3.	Use the Silicon Labs IDE to download the Master MCU Bootloader Firmware to the Master MCU (Side A). This firmware will issue commands to the data source (PC) and the target MCU to program the firmware. This firmware is pre-built, with the hex file available here: "...\MasterProgrammer\F50x_LIN0_Master.hex"
4.	If you do not have Virtual COM Port (VCP) device drivers for the CP2102 USB-to-UART bridge installed on your PC, do so now by downloading the driver from here: http://www.silabs.com/products/mcu/Pages/USBtoUARTBridgeVCPDrivers.aspx
5.	Now, disconnect the USB Debug Adapter from the Target Board and connect the USB cable between the target board and the PC.
6.	A Virtual COM Port will be now available on your PC. Use Windows Device Manager to check the COM port number and note it down (COM3, COM4 etc).
7.	Launch the Serial Bootloader Data Source PC application setup from here: \Source_BL_SW\Release\setup.exe
8.	Once the application is installed, it will be automatically launched. A start menu shortcut will also be available for future use.

 
1.5.	Demonstration Steps

1.	The C8051F500 Target Board should be now loaded with the Master Bootloader Firmware on Side A and Target Bootloader Firmware on Side B. The PC Application should be installed on the PC. Power the target board and connect the USB cable for the Virtual COM Port.

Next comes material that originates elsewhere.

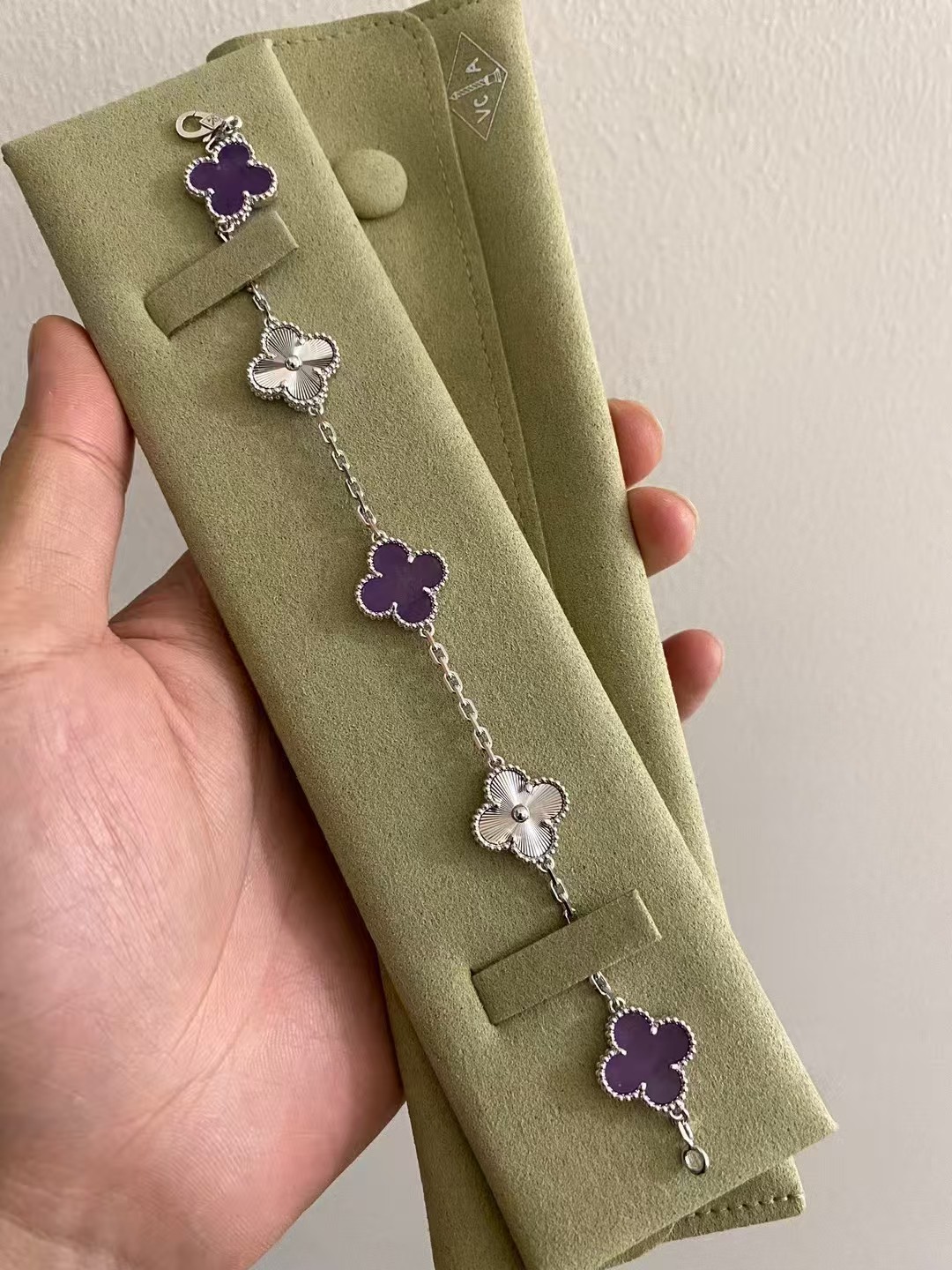 NO:765724,vca four-leaf clover purple laser five-flower bracelet, bracelet, Cartier high-end jewelry19860909vca四叶草紫色镭射五花手链,,bracelet,卡迪亚高端饰品,Jewelry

2.	Launch the Serial Bootloader Data Source PC application by going to Start Menu > Silicon Laboratories > Silicon Labs Serial Bootloader Data Source.
3.	Click the Select Hex File button and choose the Version 1.0 of the Target Application Firmware available here: ...\TargetApp_Examples\F50x_LIN0_Slave_Blinky_Ver1_0\F50x_LIN_Slave_Blinky.hex"
4.	The hex file is processed and the extracted application information is shown in the table view of the PC application.
5.	Select the COM port number (see section 1.4, step 6) of the Target Boards Virtual COM Port from the drop-down box. The other port settings are pre-selected and need not be changed.
6.	Click the Open COM Port button.
7.	On the Target Board, press the P1.4_A push-button switch on Side A to start the bootloading process. The bootload process cannot be initiated from the PC application because it is acting as a slave data source.
8.	Follow the prompts shown by the PC application to complete the bootload process. At the end of this process, the application firmware will be running on the Target MCU and you should see the LED P1.3_B on Side B blinking at a moderate rate. 
9.	Now, to demonstrate firmware update to a new version, click the Select Hex File button and choose the Version 1.1 of the Target Application Firmware available here: ...\TargetApp_Examples\F50x_LIN0_Slave_Blinky_Ver1_1\F50x_LIN_Slave_Blinky.hex"
10.	Press the P1.4_A push-button switch on Side A to start the bootloading process. 
Follow the prompts shown by the PC application to complete the bootload process. At the end of this process, the new version of the application firmware will be running on the Target MCU and you should see the LED P1.3_B on Side B blinking at a much faster rate. This is the update in the Version 1.1 of the application firmware (for demonstration purposes). 
11. 	With each version of the LIN slave example firmware in place, you can also test standard LIN communication between the Master and the Slave. For this demo, the Master MCU should execute its "LIN Master Example" firmware instead of the Master Programmer firmware. To put the Master in this mode, press and hold the "P1.4_A" switch on Side "A" and then press and release the "RESET_A" switch. Now, you can press the "P1.4_A" or "P1.4_B" switches to send messages between the Master and the Slave. To put the Master MCU back in the programming mode, just press the "RESET_A" switch without pressing the "P1.4_A" switch.